On parle déjà d'un jugement "historique". Ce mardi 9 avril, la Cour européenne des droits de l'Homme, basée à Strasbourg en France, a condamné la Suisse pour inaction climatique. C'est la première fois qu'un Etat est reconnu coupable dans une telle affaire. 

Que dit la Cour ? 

La CEDH estime que la Suisse a enfreint la Convention européenne des droits de l'Homme, en particulier le "droit à la vie" (article 2) et le "droit au respect de la vie privée et familiale" (article 8), en ne luttant pas suffisamment contre le réchauffement climatique. La Cour avait reçu une requête de l'association suisse des "Aînées pour la protection du climat". Ces femmes considéraient que Berne ne prenait pas de mesures suffisantes pour atténuer les effets du changement climatique, en violation donc de leurs droits à la vie, à la santé et au bien-être.

C'est la première fois que cette Cour condamne un Etat pour son manque d'initiatives pour lutter contre le changement climatique.

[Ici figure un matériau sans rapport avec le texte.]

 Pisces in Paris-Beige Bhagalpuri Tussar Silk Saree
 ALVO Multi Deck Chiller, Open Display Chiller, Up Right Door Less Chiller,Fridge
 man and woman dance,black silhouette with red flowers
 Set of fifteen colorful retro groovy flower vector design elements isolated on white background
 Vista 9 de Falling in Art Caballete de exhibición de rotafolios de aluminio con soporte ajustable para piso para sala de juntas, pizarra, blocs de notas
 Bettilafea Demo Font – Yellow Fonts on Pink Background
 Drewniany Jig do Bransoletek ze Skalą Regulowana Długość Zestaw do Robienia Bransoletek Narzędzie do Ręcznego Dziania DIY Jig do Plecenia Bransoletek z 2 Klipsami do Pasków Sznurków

Elle se prononçait dans trois affaires climatiques distinctes. Les requêtes de plaignants français et portugais ont été rejetées. 

Qu'est-ce que cela peut changer ? 

L'arrêt de la CEDH est définitif. La Suisse a l'obligation de le respecter et donc de redoubler d'efforts pour lutter contre le changement climatique. "Cet arrêt détaillé sera analysé avec les autorités concernées et les mesures que la Suisse doit prendre pour l'avenir seront examinées", a déjà fait savoir le gouvernement fédéral. Le comité des ministres du Conseil de l'Europe vérifiera que la Suisse se conforme à cet arrêt.

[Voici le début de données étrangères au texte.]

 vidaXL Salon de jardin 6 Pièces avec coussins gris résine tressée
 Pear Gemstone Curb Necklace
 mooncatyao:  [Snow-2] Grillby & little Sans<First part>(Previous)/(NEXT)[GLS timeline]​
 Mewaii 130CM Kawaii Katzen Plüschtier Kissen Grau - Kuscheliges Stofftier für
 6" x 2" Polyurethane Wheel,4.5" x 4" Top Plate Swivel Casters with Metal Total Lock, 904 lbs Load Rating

L'arrêt fait jurisprudence : il pourra servir de référence dans d'autres dossiers portant sur le changement climatique. Et la décision s'applique dans les 46 Etats membres du Conseil de l'Europe. Pour la Cour, un Etat doit ainsi avoir des objectifs précis en matière de réduction des gaz à effet de serre, un budget carbone ou tout autre méthode équivalente de quantification des futures émissions de GES, ainsi qu'un mécanisme de suivi pour vérifier que ces objectifs sont atteints. 

Que disent les défenseurs de l'environnement ? 

Gros plan sur le visage de Greta Thunberg, à gauche, et de Rosmarie Wydler-Walti, à droite, de l'association suisse les "Aînées pour la protection du climat"
La militante suédoise pour le climat Greta Thunberg, à gauche, était présente à Strasbourg ce 9 avril, pour apporter son soutien aux requérants devant la CEDHImage : Christian Hartmann/REUTERS

"Ce n'est que le début en matière de contentieux climatique : partout dans le monde, de plus en plus de gens traînent leur gouvernement devant les tribunaux pour les tenir responsables de leurs actions", a salué la militante suédoise Greta Thunberg, présente à Strasbourg pour la décision.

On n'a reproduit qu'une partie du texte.